On hikaye içeriyor bu kitap. Ortak nokta, öteki insanların hikayeleri olmaları. Karakterlerimin hemen hiçbiri gerçek bir kimlikle var olmadılar yeryüzünde. Ancak hikayeleri okuduktan sonra onların yaşamadıklarını iddia etmek çok zor. Onları ben kıvılcım olarak yakaladım. Başka türlü yaşar kılamayacağım için, göğsümün ortasında kor ateş olarak taşıdım. Çok yaktılar beni.
Zehir Zıkkım Hikayeler, adını kimliğinden alan bir kitap. Onu bir okuyuşta bitiremeyeceksiniz. Çevrenizi kuşatan, içinize dolan kederi biraz hafiftletmek için, zaman zaman bırakmanız gerekecek.
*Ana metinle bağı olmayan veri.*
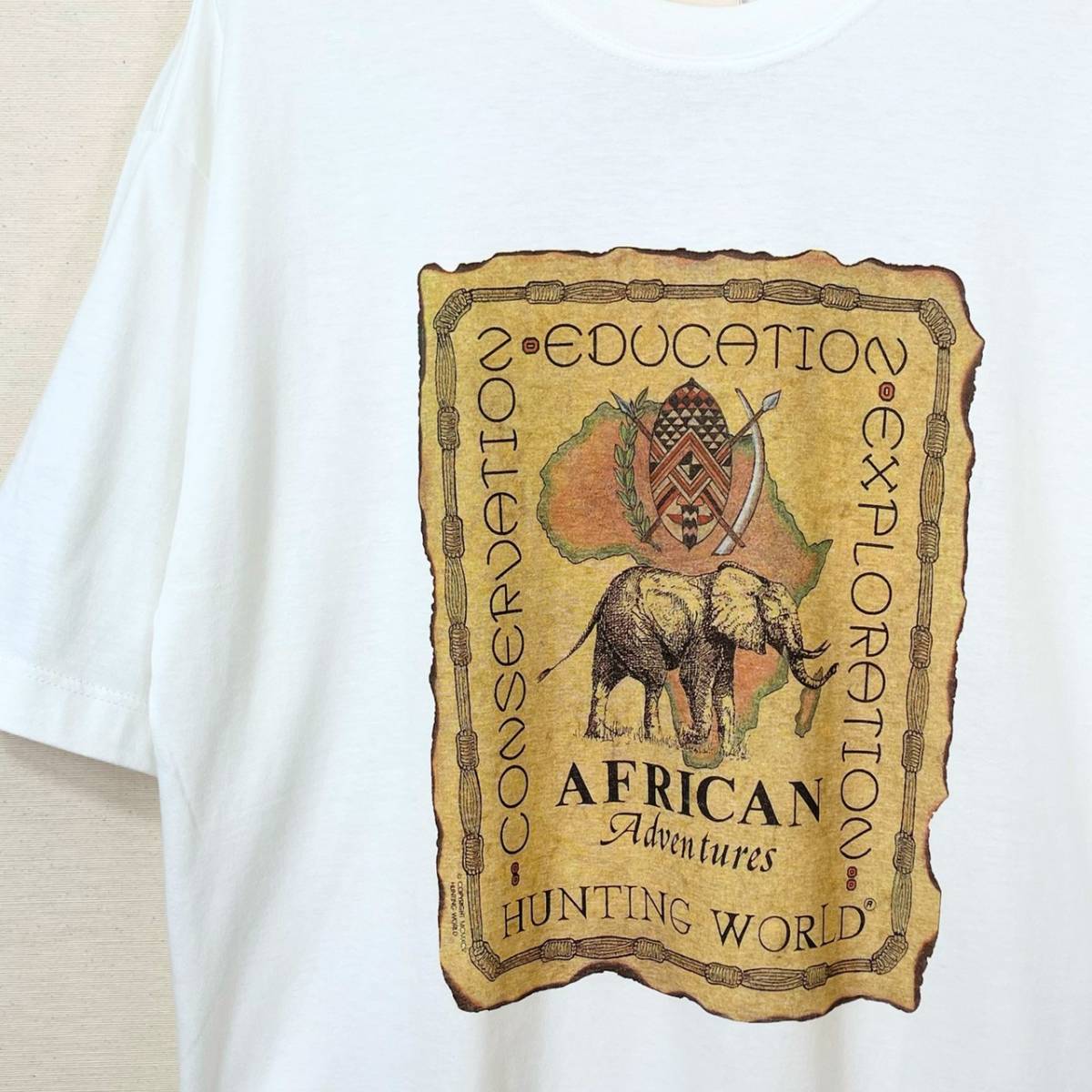 希少《Dead Stock / Made in Italy》80s90s デッド【 HUNTING WORLD AFRICAN PRINT サファリ イタリア製 コットン Tシャツ M ビンテージ 】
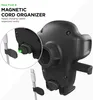 Close-up marketing image of a car phone mount with a magnetic cord organizer feature. Produktbild-Vorschau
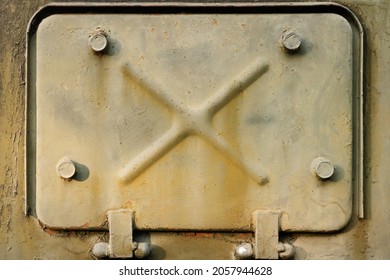 Photo Of Old And Rusty Military Vehicle Armored Surface Hatch Door Plate.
Düşünmemek, özeleştiri yapmamak istiyorsanız, amacınız okuyarak eğlenmekse, bu kitabı elinize bile almayın.
Bu coğrafyanın, bu tarihsel geçmişin, bu toplumun gerçeklerinin birikimleriyle kadınlara tutulmuş aynadır Zehir Zıkkım Hikayeler.
Evet, zehir zıkkımlar... Ya siz nasıl olmalarını isterdiniz?
- Ayla Kutlu-Kitabın arka kapağındaki, Ayla Kutlu tarafından kaleme alınmış tanıtma yazısı öykülerin ''ötekiler''i anlattığını söyler... Çok doğru. ''Kadınlar ve Kuyular''da ötekiliği intihara, cinayete varan sıra dışına düşmüş kadınların dramları ve trajedileri vardır. ''Dram'' diyorum, çünkü Elmas gibi, gövdesindeki hayat enerjisine kulak verip aşka heveslenen, birey-toplumsal çevre ikileminde yenik düşenleri anlatır bu öyküler. ''Trajedi'' diyorum, çünkü kişisel hiçbir katkısı bulunmadan, kapalı toplumun tesadüflerinin itelemesiyle erkek şiddetine ve cinsel sömürüye uğrayan Zühre gibi kadınları da anlatmaktadır, öyküler. ''Bu kadarı da olmaz!'' dedirten acılardır bunlar. Bu kadarı olur! İnsan canına ya da evladına kolay mı kıyar! ''Olmaz'' duygusunu veren, kitaptaki acılara peş peşe dalmaktır. O nedenle yazar bizi uyarır, ''kitabı bir okuyuşta bitiremezsiniz'' der. Her öyküden sonra, bir düşünme, etkiyi sindirme dönemi gerekmektedir.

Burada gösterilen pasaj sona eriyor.